The result should be an exact copy of the entries below, free of pictures.

EXCERPTED DATA ->
-------

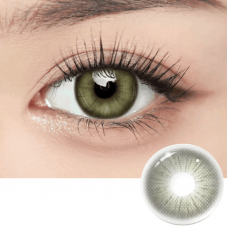 Лима Грин - Зеленые контактные линзы с диоптриями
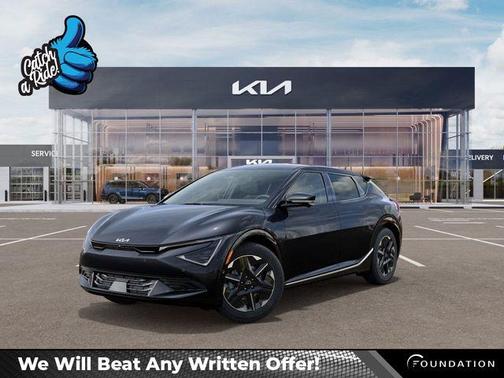 2025 Kia EV6 Wind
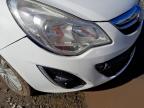 2013 VAUXHALL CORSA ENERGY for sale at Copart WOLVERHAMPTON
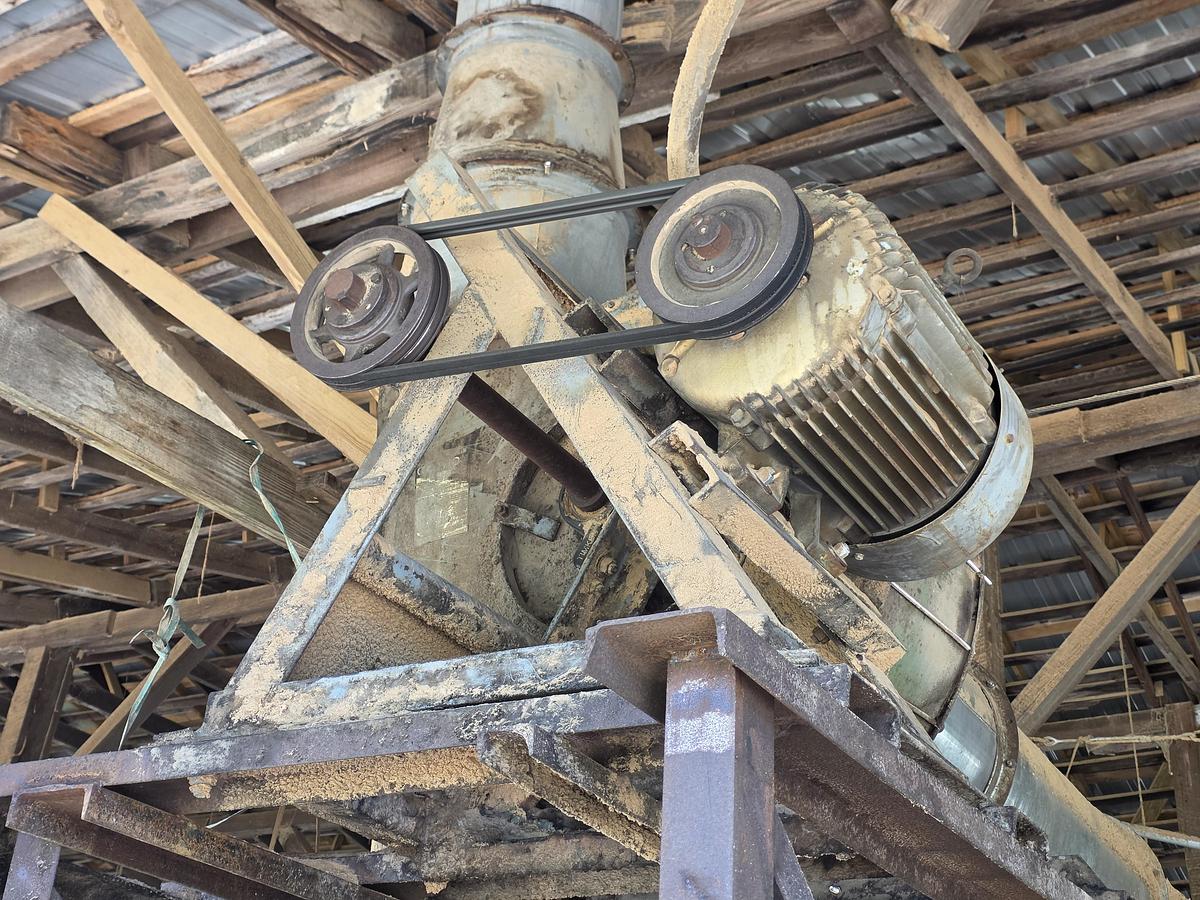 Used Blower System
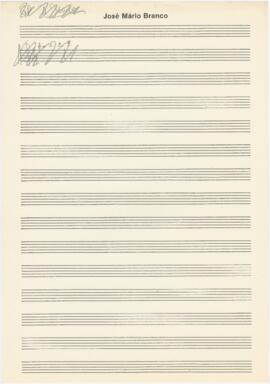 Partitura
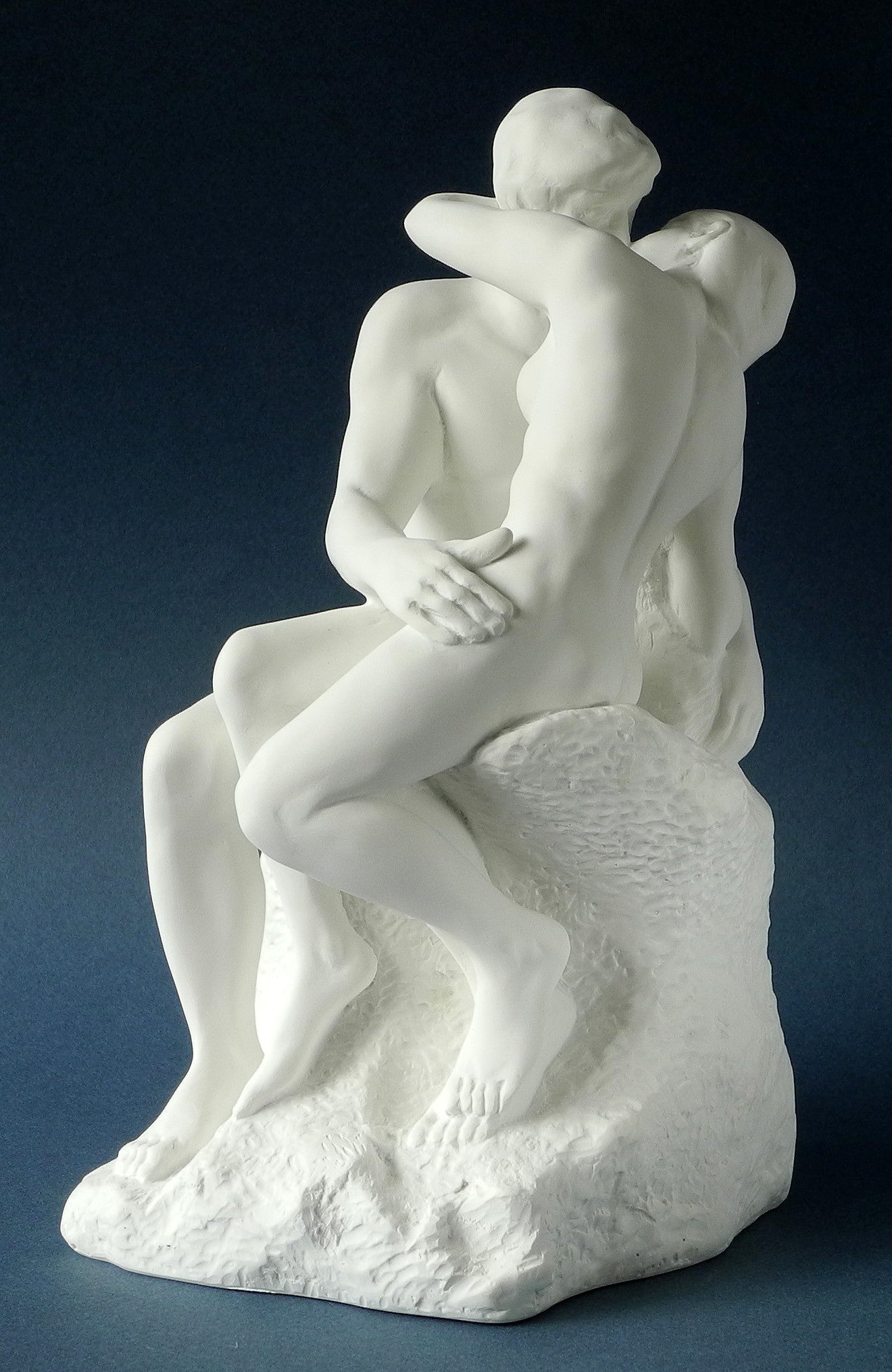 EL BESO, autor  RODIN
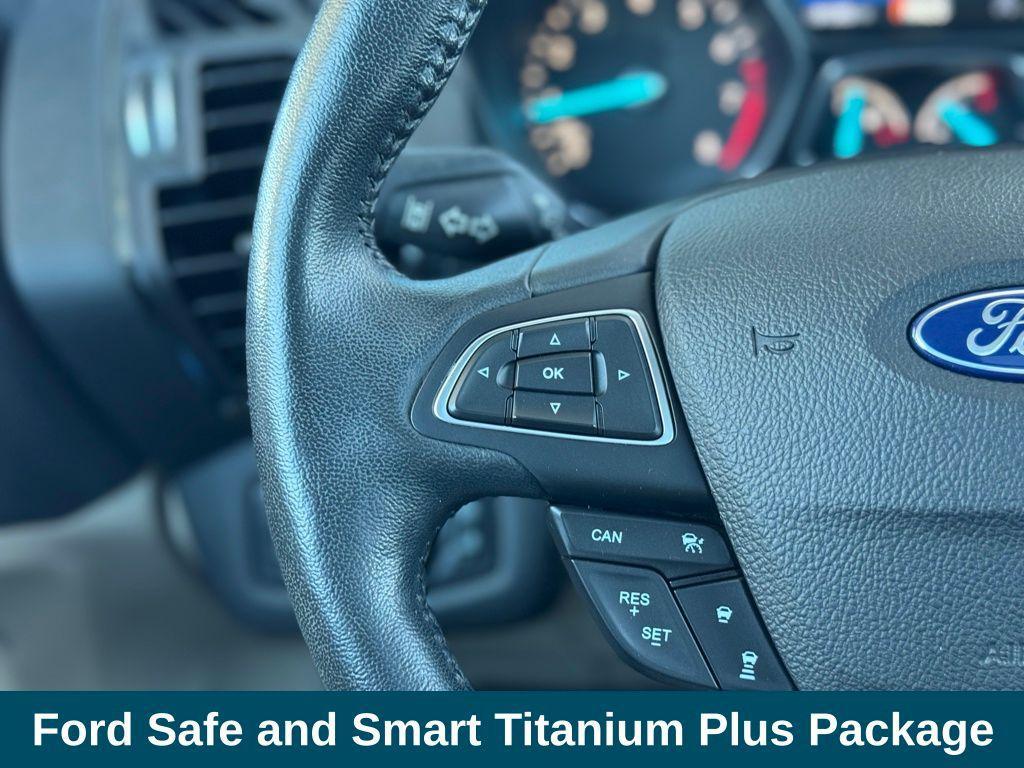 used 2019 Ford Escape car, priced at $14,000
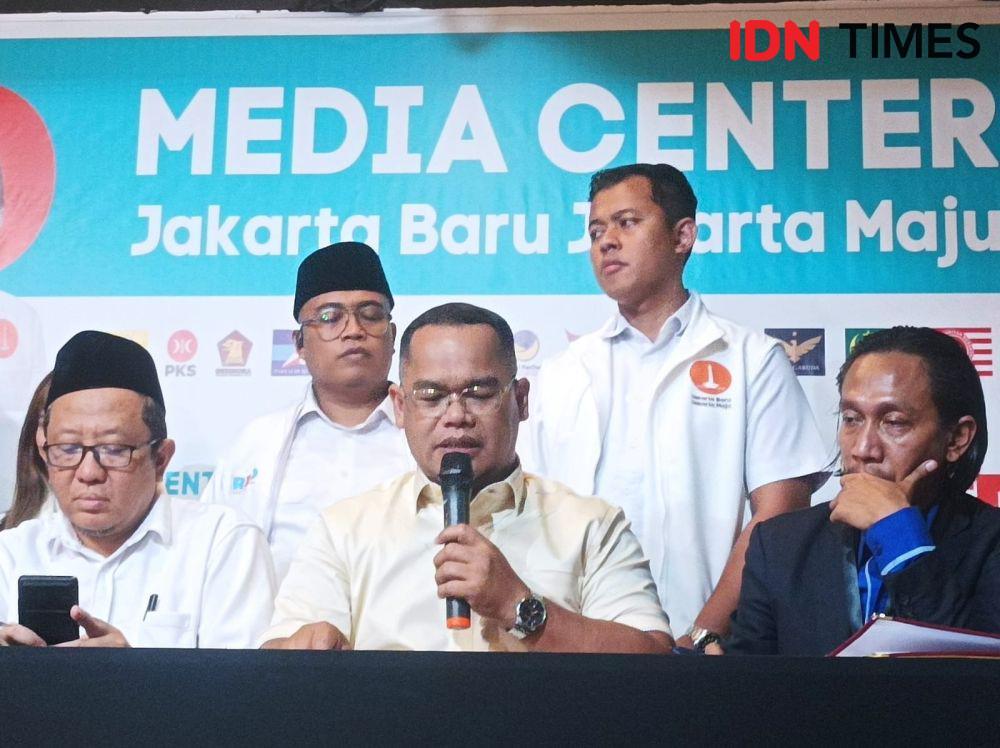 Tim Hukum RIDO Akan Tanya Bukti Foto dan Rekaman C6 KPU DKI di MK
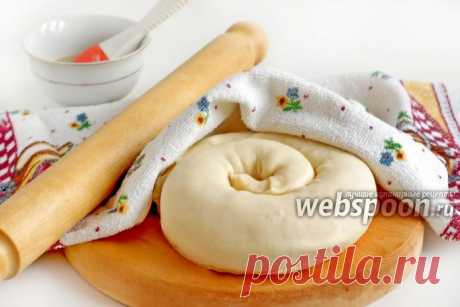 Слоёное тесто для самсы рецепт с фото, как приготовить на Webspoon.ru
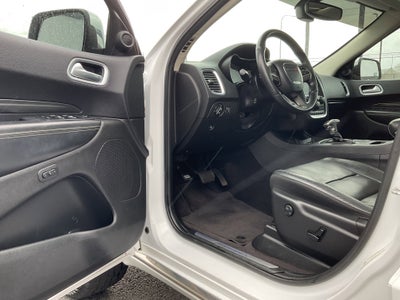 2018 Dodge Durango Citadel AWD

-------

WORKED SOLUTION ->
 Лима Грин - Зеленые контактные линзы с диоптриями
 2025 Kia EV6 Wind
 2013 VAUXHALL CORSA ENERGY for sale at Copart WOLVERHAMPTON
 Used Blower System
 Partitura
 EL BESO, autor  RODIN
 used 2019 Ford Escape car, priced at $14,000
 Tim Hukum RIDO Akan Tanya Bukti Foto dan Rekaman C6 KPU DKI di MK
 Слоёное тесто для самсы рецепт с фото, как приготовить на Webspoon.ru
 2018 Dodge Durango Citadel AWD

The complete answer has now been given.